The Effects of Randomness on the Stability of Node Embeddings
Tobias Schumacher, Hinrikus Wolf, Martin Ritzert, Florian Lemmerich, Jan Bachmann, Florian Frantzen, Max Klabunde, Martin Grohe, Markus Strohmaier
TL;DR
This paper investigates how randomness inherent in state-of-the-art node-embedding algorithms affects stability in both embedding geometry and downstream classification. It evaluates five algorithms (HOPE, LINE, node2vec, SDNE, GraphSAGE) on synthetic and real graphs using three geometric measures (aligned cosine similarity, k-NN Jaccard similarity, second-order cosine similarity) and node-classification performance, revealing substantial geometric instability for most methods except HOPE, while downstream classification accuracy remains largely robust. The study emphasizes that, despite stable overall performance, individual node predictions can differ across embeddings, underscoring reproducibility concerns in embedding-based workflows. These findings motivate the design of stability-aware embeddings and repeated evaluations to ensure reliable deployment, especially in high-stakes or privacy-sensitive applications.
Abstract
We systematically evaluate the (in-)stability of state-of-the-art node embedding algorithms due to randomness, i.e., the random variation of their outcomes given identical algorithms and graphs.
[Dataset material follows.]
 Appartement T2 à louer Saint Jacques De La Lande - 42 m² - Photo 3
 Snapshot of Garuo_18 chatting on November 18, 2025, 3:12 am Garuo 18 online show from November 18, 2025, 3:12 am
We apply five node embeddings algorithms---HOPE, LINE, node2vec, SDNE, and GraphSAGE---to synthetic and empirical graphs and assess their stability under randomness with respect to (i) the geometry of embedding spaces as well as (ii) their performance in downstream tasks. We find significant instabilities in the geometry of embedding spaces independent of the centrality of a node. In the evaluation of downstream tasks, we find that the accuracy of node classification seems to be unaffected by random seeding while the actual classification of nodes can vary significantly. This suggests that instability effects need to be taken into account when working with node embeddings. Our work is relevant for researchers and engineers interested in the effectiveness, reliability, and reproducibility of node embedding approaches.